February 27, 2025

Deploying DeepSeek with Ollama + LiteLLM + OpenWebUI

deployment

deepseek

ollama

This tutorial shows how to deploy DeepSeek with Ollama, LiteLLM, and OpenWebUI on Ubuntu 24.10. Optional steps are provided to set up with Ngrok and Cline.

This setup provides a beautiful chat UI, API access, third-party API management, and spend tracking.

Many thanks to my Ph.D. student Chenchuan He for testing and debugging our server deployment.

Ubuntu and Packages

Check Ubuntu version (this tutorial was tested on Ubuntu 24.10):

lsb_release -a

Install python dependencies:

sudo apt install python3 python3-pip python3-venv

Create a virtual environment:

python3 -m venv venv
source venv/bin/activate

Install liteLLM, open-webui, and prisma (used by open-webui).

pip install 'litellm[proxy]'
pip install open-webui
pip install prisma

Ollama + DeepSeek

sudo apt update
curl -fsSL https://ollama.com/install.sh | sh

You can search for models at https://ollama.com/search:

Then, you can pull and run deepseek-r1:7b:

ollama run deepseek-r1:7b

deepseek-r1 has no default temperature, so the ollama default temperature 0.8 is used:

ollama show --parameters deepseek-r1:7b
stop                           "<｜begin▁of▁sentence｜>"
stop                           "<｜end▁of▁sentence｜>"
stop                           "<｜User｜>"
stop                           "<｜Assistant｜>"

If you always want DeepSeek-R1 7B to use the recommended temperature 0.6, create a Modelfile:

Create a new Modelfile:

FROM deepseek-r1:7b
PARAMETER temperature 0.6

Create and run a custom model:

ollama create deepseek-custom -f Modelfile
ollama run deepseek-custom

You can use any model in a similar way, e.g., running mistral 7b model using ollama run mistral

LiteLLM

We use LiteLLM to authenticate users and manage API keys. A postgres database is needed (could be local or remote).

Setup environment variables. Note that the master key is the default password for the admin user.

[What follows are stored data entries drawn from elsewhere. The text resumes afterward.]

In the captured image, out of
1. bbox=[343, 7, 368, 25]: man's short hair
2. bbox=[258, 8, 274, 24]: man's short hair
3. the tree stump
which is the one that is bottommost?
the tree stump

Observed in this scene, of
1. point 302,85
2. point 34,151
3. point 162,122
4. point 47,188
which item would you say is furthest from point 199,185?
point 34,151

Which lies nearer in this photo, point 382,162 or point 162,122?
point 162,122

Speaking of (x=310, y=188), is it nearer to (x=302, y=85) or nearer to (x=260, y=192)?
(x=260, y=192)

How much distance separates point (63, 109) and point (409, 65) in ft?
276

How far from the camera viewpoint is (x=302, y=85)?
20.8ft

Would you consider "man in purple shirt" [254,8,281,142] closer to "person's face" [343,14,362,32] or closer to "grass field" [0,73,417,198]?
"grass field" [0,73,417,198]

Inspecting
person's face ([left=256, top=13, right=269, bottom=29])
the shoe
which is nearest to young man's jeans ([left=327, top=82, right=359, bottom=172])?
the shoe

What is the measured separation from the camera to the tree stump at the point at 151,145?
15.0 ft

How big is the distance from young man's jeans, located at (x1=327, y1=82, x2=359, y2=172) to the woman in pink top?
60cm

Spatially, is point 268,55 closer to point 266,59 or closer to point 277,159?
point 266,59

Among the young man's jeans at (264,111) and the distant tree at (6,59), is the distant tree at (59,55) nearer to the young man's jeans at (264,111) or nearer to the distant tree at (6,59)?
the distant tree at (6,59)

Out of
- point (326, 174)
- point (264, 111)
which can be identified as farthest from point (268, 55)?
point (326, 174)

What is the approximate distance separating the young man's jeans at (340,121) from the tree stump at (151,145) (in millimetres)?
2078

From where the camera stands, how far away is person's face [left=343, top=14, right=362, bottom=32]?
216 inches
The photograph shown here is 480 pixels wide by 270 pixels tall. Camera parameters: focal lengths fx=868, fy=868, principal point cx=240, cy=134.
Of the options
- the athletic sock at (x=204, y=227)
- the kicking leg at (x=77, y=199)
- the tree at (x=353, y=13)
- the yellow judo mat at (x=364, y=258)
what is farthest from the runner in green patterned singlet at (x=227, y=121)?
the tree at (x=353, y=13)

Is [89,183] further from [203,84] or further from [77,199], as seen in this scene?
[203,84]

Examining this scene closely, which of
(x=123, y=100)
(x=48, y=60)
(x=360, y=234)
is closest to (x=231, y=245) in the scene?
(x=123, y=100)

# Set master key for admin authentication and API key management
echo 'export LITELLM_MASTER_KEY="sk-your-master-key"' >> ~/.bashrc

# Set salt key for hashing and security purposes
echo 'export LITELLM_SALT_KEY="sk-your-salt-key"' >> ~/.bashrc

# Set the port for LiteLLM proxy server (default is 8000 if not set)
echo 'export PORT=4000' >> ~/.bashrc  # optional

# Reload the shell configuration to apply the new environment variables
source ~/.bashrc

Setup postgres:

# Install PostgreSQL and additional utilities
sudo apt install postgresql postgresql-contrib -y

# Check if PostgreSQL service is running
sudo systemctl status postgresql

# Configure PostgreSQL to start automatically on system boot
sudo systemctl enable postgresql

Change the default postgres user password to postgres (you can use any password you like):

# Connect to PostgreSQL as the postgres superuser
sudo -u postgres psql

# Set a new password for the postgres user (change 'postgres' to a secure password)
ALTER USER postgres PASSWORD 'postgres';

# Exit the PostgreSQL prompt
\q

Create a database for LiteLLM:

sudo -u postgres psql
CREATE DATABASE litellm;

Create and configure config.yaml. vim config.yaml and paste the following content:

model_list:
  - model_name: ollama/deepseek-r1:7b
    litellm_params:
      model: ollama/deepseek-r1:7b
      api_base: <http://localhost:11434>  # Points to your local Ollama

general_settings:
  default_model: ollama/deepseek-r1:7b
  master_key: sk-your-master-key  # Your master key from .env
  # Enable authentication
  auth_strategy: master_key
  database_url: "postgresql://postgres:postgres@localhost:5432/litellm"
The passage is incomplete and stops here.